October 9, 2015
The 13th annual World Day Against the
Death Penalty will take place on Saturday, October 10th. Activists and
organizations will hold events around the globe to call for the
universal abolition of capital punishment. In recognition of the day,
Steven W. Hawkins, Executive Director of Amnesty International USA,
released the following statement:
- “In just the past few weeks, three people have been sent to the death chambers in the United States. One of those executed did not commit the murder she was sentenced to die for, and another showed strong signs of intellectual disability.
- “The tally nearly reached four executions in just over a week’s time, but for the bungling of an execution in Oklahoma. The state procured the wrong drug to kill the prisoner, only realizing the mistake at the very last minute. Now the state’s Attorney General is investigating what went wrong.
- “In fact, just about everything is wrong with the capital punishment system. It’s fundamentally broken and should be ended once and for all.

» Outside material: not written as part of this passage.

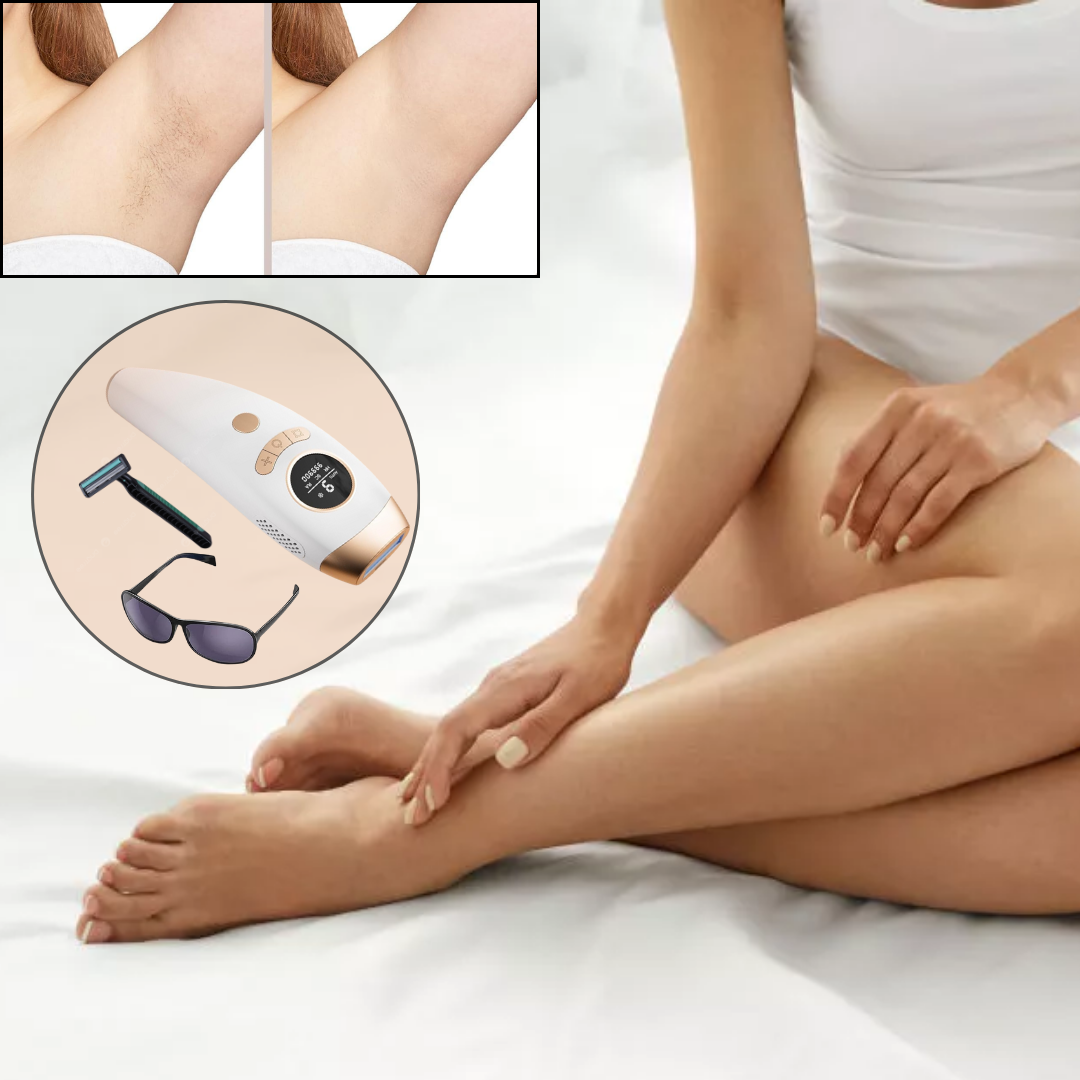 Epilatore laser a luce pulsata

- “Thankfully the death penalty is in decline in the United States and around the world. Last year, executions in the United States were at a 20-year low, and death sentences were at their lowest level since 1976. What’s more, nineteen states plus the District of Columbia have banned capital punishment, and seven other states have not carried out an execution in 10 years.
- “It’s really just a handful of states that are still aggressively pursuing executions. Texas, Oklahoma, and Missouri, in particular, are moving further and further away from national standards of decency. Globally, 140 countries have abolished the death penalty in law or practice, and only 22 carried out executions last year.
- “The death penalty is the ultimate cruel, inhuman and degrading punishment. The United States cannot practice it and claim to be a human rights leader on the global stage. Now is the time to end capital punishment for good.”